> _Task statement_:
Each line that holds the word "Exterior" counts once; give the total for the records below and nothing else.

(Records provided)

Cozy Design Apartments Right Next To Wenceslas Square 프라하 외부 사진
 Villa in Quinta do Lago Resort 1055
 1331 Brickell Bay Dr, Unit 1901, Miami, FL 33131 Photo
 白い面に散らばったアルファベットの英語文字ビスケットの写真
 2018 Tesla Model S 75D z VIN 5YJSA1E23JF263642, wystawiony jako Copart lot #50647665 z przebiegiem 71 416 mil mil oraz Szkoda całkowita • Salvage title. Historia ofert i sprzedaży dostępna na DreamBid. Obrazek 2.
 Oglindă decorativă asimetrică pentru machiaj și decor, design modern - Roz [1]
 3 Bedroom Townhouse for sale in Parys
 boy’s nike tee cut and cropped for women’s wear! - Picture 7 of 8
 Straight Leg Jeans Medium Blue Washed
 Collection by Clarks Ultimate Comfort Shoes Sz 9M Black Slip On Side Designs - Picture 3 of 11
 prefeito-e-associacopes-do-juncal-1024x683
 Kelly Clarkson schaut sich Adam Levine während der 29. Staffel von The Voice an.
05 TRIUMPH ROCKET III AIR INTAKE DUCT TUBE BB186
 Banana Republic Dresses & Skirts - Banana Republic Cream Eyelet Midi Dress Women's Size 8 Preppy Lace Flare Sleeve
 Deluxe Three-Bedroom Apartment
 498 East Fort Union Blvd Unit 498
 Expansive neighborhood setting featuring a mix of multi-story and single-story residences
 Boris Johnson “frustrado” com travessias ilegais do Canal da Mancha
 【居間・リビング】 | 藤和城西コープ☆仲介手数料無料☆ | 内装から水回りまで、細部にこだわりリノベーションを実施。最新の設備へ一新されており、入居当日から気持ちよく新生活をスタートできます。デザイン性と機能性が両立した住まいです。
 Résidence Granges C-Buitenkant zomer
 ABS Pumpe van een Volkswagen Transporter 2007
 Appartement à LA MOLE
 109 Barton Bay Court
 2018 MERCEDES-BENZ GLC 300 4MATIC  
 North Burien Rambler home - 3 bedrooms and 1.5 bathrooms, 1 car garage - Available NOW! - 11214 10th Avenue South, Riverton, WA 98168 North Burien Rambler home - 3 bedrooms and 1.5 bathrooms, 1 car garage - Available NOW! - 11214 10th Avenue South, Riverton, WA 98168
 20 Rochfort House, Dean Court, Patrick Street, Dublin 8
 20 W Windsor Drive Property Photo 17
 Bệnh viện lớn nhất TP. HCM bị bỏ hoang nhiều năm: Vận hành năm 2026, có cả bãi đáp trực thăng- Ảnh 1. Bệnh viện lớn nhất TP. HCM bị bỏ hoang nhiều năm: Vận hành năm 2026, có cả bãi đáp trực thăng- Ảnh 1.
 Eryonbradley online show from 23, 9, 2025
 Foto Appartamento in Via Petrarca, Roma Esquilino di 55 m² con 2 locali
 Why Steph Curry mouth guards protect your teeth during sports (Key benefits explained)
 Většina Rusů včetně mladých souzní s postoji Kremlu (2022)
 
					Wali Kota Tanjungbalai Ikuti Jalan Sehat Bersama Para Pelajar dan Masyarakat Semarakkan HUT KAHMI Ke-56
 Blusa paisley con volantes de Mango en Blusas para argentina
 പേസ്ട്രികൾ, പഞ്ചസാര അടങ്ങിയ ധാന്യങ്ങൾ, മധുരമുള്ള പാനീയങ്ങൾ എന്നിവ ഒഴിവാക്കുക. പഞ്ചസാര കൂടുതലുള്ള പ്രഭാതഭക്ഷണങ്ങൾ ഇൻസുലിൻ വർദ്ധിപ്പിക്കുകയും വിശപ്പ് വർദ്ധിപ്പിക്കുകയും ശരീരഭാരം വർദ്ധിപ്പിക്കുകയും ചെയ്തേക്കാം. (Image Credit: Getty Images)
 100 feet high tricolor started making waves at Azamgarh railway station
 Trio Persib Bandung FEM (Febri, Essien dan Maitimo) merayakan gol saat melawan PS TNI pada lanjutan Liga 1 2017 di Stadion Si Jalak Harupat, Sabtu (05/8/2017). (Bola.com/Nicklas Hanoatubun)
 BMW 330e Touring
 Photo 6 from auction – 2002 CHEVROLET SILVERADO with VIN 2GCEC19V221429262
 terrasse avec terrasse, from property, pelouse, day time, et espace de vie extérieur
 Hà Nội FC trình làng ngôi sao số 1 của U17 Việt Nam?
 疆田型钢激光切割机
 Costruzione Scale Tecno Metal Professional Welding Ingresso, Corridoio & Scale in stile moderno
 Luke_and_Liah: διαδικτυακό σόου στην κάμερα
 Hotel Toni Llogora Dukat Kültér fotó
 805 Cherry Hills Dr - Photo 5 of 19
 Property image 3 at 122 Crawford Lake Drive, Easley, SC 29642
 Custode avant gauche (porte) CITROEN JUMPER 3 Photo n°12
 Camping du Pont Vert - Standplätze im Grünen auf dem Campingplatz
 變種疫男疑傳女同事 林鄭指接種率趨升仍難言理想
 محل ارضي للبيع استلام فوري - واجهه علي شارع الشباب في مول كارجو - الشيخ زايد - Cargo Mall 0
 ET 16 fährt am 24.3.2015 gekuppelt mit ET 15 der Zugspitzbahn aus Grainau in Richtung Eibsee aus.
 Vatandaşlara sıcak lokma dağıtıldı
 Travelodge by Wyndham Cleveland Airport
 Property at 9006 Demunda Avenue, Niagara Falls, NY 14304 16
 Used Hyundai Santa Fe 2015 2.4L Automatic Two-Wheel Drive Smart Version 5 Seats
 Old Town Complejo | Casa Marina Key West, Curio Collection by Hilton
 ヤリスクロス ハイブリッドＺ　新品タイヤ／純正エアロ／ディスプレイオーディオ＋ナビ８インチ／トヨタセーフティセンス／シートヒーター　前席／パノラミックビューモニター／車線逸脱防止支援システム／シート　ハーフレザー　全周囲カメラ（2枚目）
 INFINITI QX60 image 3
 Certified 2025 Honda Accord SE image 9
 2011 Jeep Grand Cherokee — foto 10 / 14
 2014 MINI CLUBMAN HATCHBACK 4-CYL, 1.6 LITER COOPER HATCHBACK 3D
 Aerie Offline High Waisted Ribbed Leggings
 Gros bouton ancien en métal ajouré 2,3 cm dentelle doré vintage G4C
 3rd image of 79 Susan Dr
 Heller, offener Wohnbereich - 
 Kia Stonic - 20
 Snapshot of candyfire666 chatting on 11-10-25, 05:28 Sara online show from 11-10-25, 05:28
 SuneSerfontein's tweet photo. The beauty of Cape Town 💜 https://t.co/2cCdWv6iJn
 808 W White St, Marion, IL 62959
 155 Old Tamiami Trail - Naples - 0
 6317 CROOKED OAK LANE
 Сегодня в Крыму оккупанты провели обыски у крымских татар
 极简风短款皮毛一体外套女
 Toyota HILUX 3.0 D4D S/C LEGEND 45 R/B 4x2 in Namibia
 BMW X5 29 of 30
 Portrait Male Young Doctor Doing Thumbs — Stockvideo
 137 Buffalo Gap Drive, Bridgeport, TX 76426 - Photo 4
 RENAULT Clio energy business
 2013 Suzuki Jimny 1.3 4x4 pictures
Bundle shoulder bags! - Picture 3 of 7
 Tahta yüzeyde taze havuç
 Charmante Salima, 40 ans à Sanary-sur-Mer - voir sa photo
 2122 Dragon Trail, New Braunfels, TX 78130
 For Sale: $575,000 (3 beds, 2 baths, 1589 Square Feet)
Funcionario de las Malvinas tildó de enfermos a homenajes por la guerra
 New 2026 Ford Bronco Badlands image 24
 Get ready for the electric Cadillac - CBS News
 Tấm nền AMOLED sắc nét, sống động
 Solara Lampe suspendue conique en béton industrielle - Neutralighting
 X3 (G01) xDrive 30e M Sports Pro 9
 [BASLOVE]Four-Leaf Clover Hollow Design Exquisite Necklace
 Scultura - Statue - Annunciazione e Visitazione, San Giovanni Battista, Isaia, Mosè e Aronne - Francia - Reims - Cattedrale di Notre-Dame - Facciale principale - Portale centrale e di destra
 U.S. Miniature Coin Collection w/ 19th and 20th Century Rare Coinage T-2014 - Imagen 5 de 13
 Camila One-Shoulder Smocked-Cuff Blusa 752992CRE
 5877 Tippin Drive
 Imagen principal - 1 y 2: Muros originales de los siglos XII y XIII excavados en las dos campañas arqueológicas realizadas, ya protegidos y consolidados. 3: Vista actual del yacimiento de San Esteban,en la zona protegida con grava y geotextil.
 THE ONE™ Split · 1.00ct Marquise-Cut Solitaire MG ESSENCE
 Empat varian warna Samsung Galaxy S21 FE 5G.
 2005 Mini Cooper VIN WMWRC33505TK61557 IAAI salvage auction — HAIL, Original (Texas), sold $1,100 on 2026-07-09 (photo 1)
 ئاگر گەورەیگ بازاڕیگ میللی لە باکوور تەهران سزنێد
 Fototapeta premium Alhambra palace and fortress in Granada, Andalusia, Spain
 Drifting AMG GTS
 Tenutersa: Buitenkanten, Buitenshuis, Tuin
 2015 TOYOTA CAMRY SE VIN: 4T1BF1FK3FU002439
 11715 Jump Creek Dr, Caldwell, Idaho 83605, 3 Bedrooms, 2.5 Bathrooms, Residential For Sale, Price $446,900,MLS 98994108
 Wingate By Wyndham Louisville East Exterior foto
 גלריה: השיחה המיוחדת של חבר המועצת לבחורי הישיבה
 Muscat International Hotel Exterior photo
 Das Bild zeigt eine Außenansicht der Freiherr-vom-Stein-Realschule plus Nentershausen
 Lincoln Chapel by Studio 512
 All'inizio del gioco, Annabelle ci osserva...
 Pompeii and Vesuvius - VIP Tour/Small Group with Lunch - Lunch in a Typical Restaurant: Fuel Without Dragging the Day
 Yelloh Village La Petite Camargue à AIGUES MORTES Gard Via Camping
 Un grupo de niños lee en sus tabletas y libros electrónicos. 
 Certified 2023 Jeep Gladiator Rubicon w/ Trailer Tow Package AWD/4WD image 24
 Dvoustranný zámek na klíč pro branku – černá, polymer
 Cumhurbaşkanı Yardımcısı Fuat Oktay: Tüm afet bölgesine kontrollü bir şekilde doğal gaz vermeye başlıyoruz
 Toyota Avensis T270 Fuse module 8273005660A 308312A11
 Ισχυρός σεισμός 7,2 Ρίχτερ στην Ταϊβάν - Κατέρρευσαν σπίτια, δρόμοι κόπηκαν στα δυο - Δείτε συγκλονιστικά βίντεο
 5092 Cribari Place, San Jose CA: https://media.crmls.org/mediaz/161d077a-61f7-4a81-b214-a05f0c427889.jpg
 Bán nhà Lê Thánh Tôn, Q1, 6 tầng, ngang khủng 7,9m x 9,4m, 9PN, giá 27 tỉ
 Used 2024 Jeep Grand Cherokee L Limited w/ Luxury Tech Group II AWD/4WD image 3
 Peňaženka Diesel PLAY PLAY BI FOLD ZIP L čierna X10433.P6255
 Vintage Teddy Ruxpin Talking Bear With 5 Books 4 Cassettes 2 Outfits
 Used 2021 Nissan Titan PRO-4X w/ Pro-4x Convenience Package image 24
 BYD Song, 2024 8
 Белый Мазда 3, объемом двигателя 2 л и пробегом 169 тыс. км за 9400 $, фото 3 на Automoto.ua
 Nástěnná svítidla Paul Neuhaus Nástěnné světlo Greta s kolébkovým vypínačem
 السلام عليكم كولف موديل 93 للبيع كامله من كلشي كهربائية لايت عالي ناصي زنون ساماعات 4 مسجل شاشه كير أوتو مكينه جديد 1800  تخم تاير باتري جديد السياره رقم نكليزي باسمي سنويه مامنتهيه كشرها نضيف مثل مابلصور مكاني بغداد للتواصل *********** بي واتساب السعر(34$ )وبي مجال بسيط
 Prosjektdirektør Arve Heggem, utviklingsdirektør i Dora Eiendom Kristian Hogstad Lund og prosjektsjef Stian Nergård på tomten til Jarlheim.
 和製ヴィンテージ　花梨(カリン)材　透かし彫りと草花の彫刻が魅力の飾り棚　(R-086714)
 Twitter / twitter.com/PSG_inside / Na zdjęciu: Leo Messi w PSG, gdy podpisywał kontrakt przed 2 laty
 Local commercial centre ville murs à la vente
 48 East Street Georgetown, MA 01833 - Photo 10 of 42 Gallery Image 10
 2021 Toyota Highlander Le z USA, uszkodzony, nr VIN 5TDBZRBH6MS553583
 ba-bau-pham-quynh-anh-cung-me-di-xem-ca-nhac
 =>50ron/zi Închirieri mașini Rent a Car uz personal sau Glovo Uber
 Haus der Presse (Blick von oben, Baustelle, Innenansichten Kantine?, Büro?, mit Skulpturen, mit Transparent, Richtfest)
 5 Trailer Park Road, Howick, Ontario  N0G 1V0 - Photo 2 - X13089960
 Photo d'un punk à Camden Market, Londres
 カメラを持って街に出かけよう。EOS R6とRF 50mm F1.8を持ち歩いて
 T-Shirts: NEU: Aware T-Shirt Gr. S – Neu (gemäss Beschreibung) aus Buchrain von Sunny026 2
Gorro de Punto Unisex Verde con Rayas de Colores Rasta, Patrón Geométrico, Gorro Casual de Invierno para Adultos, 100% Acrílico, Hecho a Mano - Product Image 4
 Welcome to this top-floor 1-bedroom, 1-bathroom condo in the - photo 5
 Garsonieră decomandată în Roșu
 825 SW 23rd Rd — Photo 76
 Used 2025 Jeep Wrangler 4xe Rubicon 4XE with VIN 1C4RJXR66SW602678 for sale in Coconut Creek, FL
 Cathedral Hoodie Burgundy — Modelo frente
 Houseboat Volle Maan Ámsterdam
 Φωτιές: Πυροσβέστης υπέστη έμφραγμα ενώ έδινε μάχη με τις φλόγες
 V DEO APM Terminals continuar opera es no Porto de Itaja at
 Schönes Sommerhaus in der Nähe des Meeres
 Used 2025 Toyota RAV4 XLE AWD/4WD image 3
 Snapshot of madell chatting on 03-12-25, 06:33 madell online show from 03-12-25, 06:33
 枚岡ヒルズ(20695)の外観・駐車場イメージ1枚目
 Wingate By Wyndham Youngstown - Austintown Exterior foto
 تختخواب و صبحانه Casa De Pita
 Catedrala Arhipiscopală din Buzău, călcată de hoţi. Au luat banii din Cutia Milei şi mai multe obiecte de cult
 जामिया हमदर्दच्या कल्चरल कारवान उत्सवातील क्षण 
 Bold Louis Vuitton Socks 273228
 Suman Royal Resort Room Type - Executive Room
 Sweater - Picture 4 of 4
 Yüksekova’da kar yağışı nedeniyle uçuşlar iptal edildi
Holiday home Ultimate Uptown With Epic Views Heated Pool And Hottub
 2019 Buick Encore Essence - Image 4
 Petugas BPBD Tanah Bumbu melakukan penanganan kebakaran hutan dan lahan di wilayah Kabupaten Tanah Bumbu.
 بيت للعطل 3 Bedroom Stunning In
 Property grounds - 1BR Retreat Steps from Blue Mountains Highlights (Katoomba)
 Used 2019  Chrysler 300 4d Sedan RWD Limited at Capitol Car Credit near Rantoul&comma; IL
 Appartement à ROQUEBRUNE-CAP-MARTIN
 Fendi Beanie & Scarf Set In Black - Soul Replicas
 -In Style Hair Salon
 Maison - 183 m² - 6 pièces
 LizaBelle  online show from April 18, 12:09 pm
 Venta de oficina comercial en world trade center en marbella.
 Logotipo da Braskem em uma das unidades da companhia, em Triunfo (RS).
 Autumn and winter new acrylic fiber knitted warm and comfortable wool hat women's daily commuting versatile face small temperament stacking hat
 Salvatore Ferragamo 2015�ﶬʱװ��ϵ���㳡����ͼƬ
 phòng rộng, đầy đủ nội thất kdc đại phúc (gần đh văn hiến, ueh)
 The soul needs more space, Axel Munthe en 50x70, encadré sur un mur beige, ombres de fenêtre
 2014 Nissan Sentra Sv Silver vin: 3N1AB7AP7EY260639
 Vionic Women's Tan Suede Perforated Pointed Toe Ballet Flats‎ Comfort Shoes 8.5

(End Records provided)

> _Solution to the exercise_:
3